Complex sequential query with vba functions takes a long time

I have a table where each record is a series of start and stop dates for each of the steps in a sequence of tasks (with 20 separate tasks per record, and about 1500 records).  A couple of the tasks are optional, and there are some parallel paths (e.g. it always starts at step A, then goes through one or both of step B or "step C then step D" before meeting again at step E and so on - I don't think that in itself makes the calculation any harder, but it does tell us that the calculation required for each step is not consistent - for example, step D starts when step C finishes, but step E can only start when B and D have finished).

The table records progress as the steps are completed, but I then have to produce a forecast of the end date for the steps which have not completed (and mostly have not started).  I have defined a query to generate that forecast.

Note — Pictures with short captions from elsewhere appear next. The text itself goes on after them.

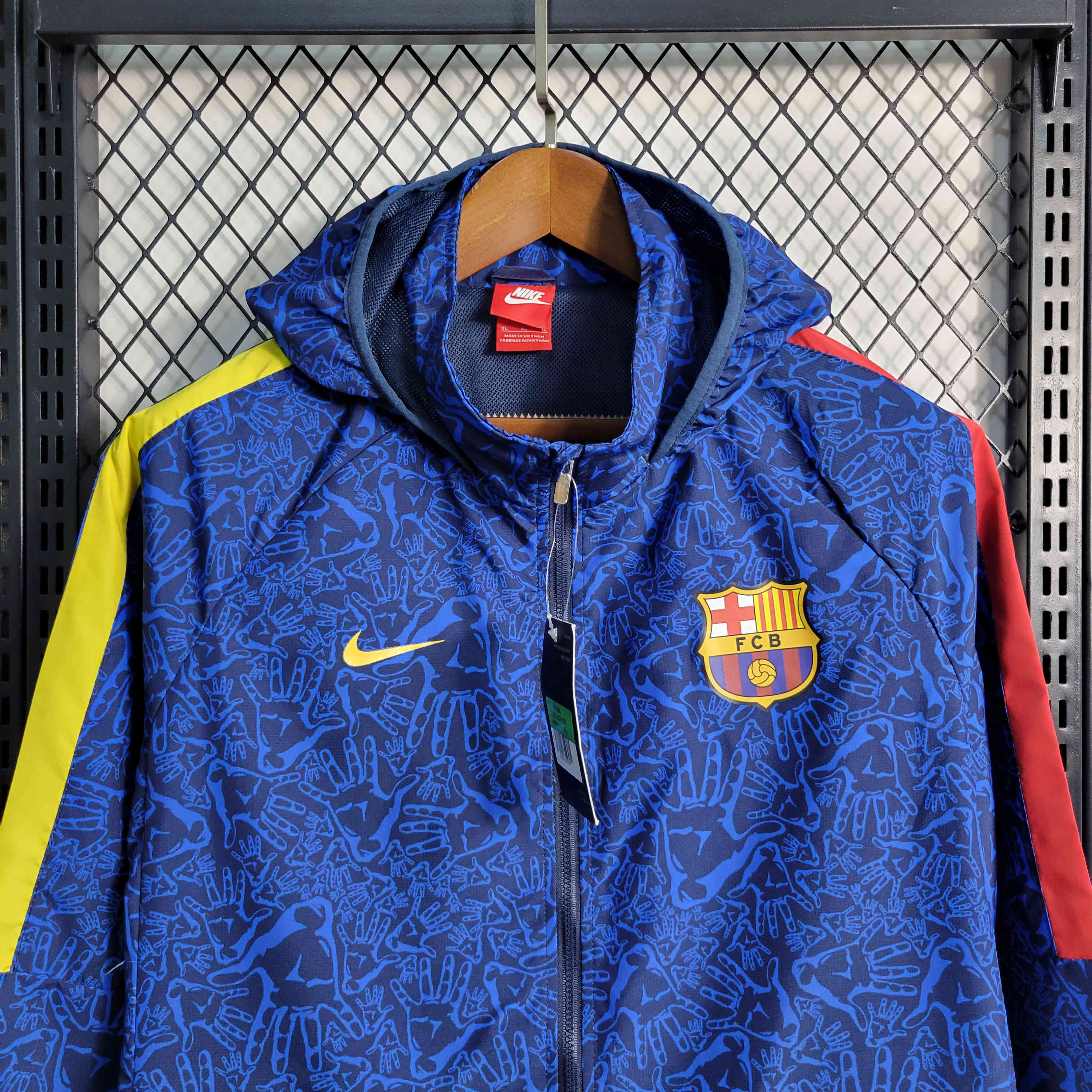 B.A.R.S.A 23-24 Blue Pattern Player Windbreaker - Unitedfutballjersey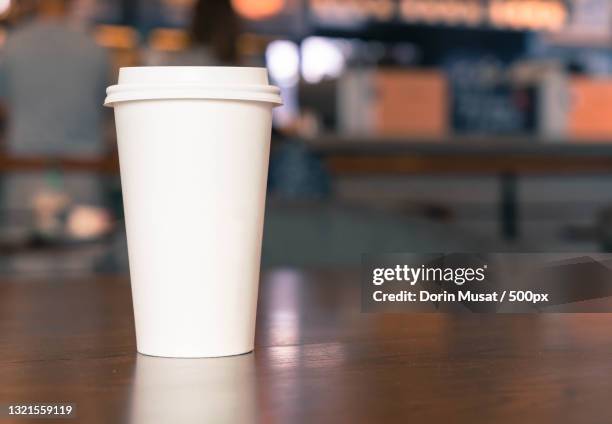 close-up of disposable cup on table - paper cup 個照片及圖片檔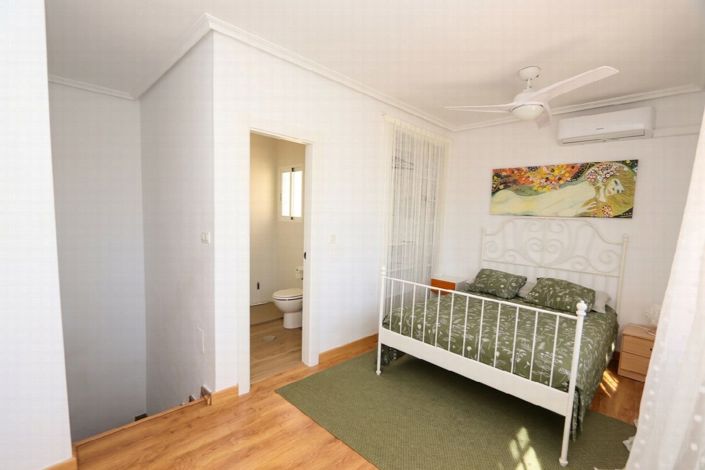 Image No.17-3 Bed Villa for sale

The estimation for the forecast starts at the step in the sequence which has started but not yet completed - I estimate the end date for that step based on a known lead time for that step, and some user-entered delays (in a separate table) for that step.  The calculation then proceeds sequentially - I take that estimated end date and use it as the estimated start date for the next step.  I then calculate the estimated end date for that next step, and use that as the estimated start date for the next step after that, and so on.

My problem is that Access does not do the calculation sequentially - it appears to perform all of the calculations in the query at once, then realises that some of the fields rely on other fields which have changed, so recalculates those dependent fields, that then causes other dependent fields to recalculate and so on. Eventually the recalculation does not affect any other fields, and the query is complete.  In a couple of the fields, the calculation is so complex that I have had to use VBA functions - I put some debug in one of them, and though it only need to be called 16 times to complete one record, it was actually called over 200 times.

I'm sure there is a better way to do this - I can't put all of the calculations in one big VBA function because I need to see those intermediate estimated start end end dates (to allow me to forecast when people will be needed to do the work in that particular step).  Is there a way to make Access do the calculations in the correct order?
LVL 20
Who is Participating?
mbizupConnect With a Mentor Commented:
Your question would be easier to follow if you posted a sample, but if I'm understanding you correctly your query looks something like this:

SELECT Field1, Field2, CustomVBAFunction1(Field3) AS Calculation1,  CustomVBAFunction2(Field4) AS Calculation2, etc...
FROM YourTable

Open in new window

VBA functions embedded in your queries' SQL tend to slow queries down because they are performed on all records selected.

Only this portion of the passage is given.